►
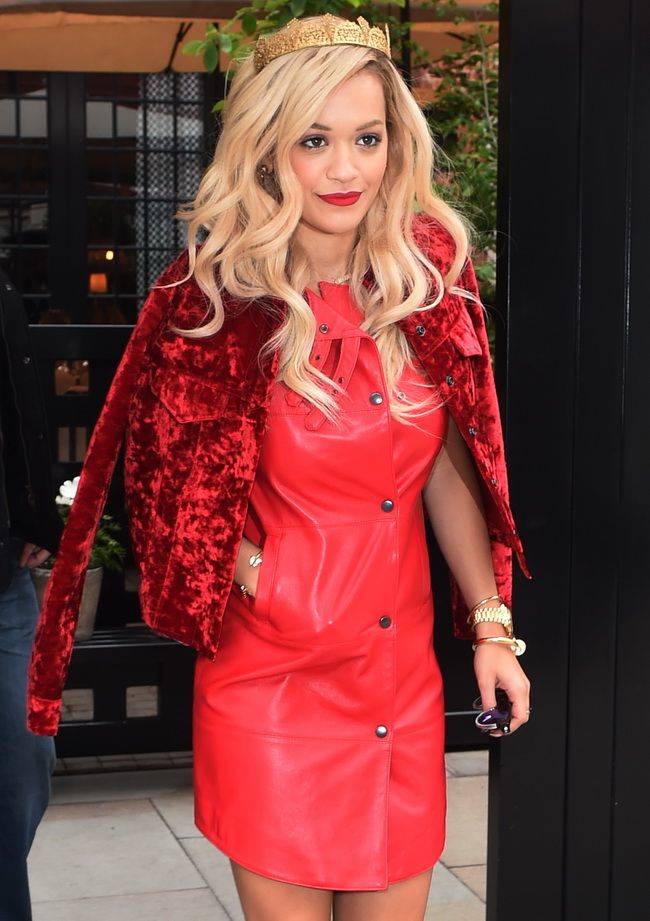 Rita Ora, cu un slit care i-ar fi putut provoca un accident vestimentar. Cu ce tinuta a aparut in fata a zeci de barbati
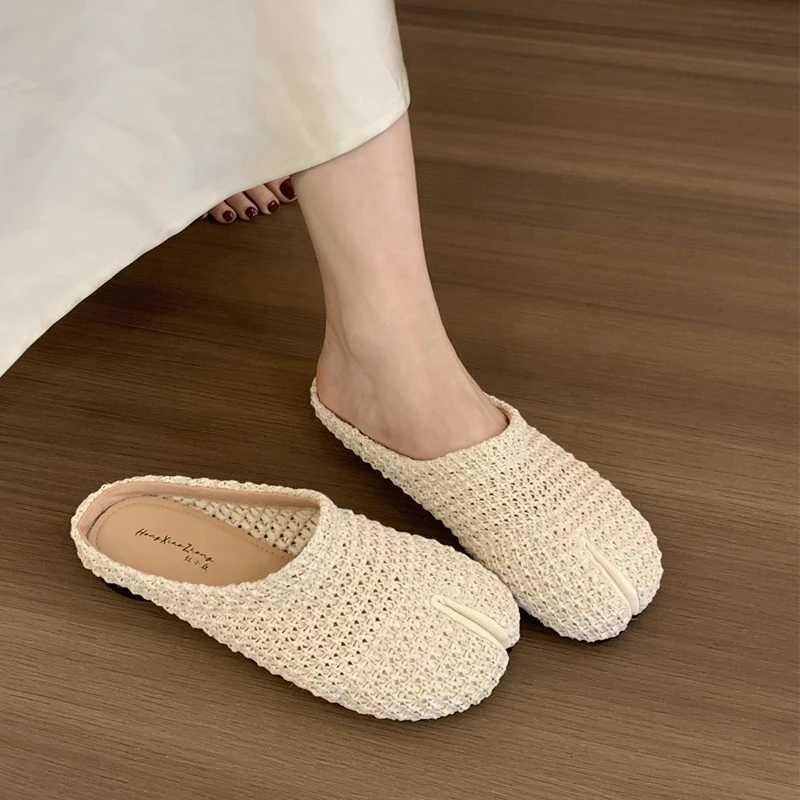 SUOJIALUN 2025 Summer New Women Slipper Fashion Split Toe Slip On Ladies Casual Mules Shoes Soft Flat Heel Outdoor Dress Slides K260312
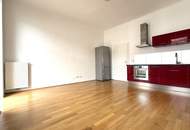 Top-sanierte, ruhige Altbauwohnung mit 4,5m² Balkon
◄
What to produce =
Without the pictures, write out all of the material exactly.

Answer below =
 Rita Ora, cu un slit care i-ar fi putut provoca un accident vestimentar. Cu ce tinuta a aparut in fata a zeci de barbati
 SUOJIALUN 2025 Summer New Women Slipper Fashion Split Toe Slip On Ladies Casual Mules Shoes Soft Flat Heel Outdoor Dress Slides K260312
 Top-sanierte, ruhige Altbauwohnung mit 4,5m² Balkon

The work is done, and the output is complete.